REQUIREMENT:
Write out, word for word and with no pictures, each line below from the one containing "HUGO BOSS Tote bag with logo lettering" through the one containing "ポーチ クリップポッケ ブルー×3", both included, and no other line.

DATA EXCERPTS:
BEGIN
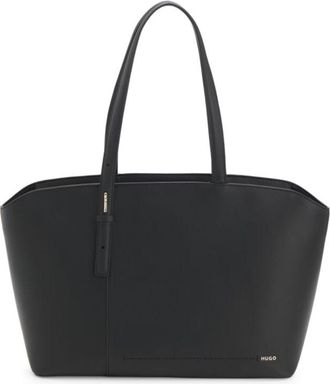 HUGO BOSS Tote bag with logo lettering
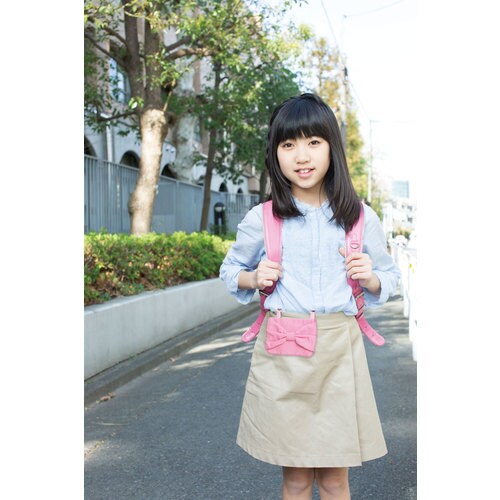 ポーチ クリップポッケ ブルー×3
END
BEGIN
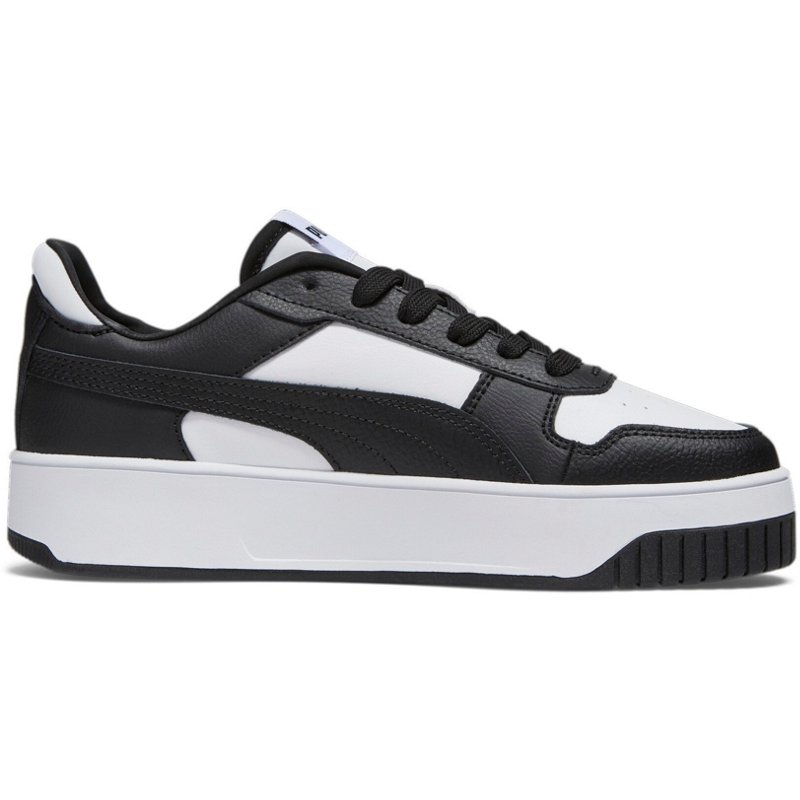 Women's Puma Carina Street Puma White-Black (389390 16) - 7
END
ANSWER SPACE:
 HUGO BOSS Tote bag with logo lettering
 ポーチ クリップポッケ ブルー×3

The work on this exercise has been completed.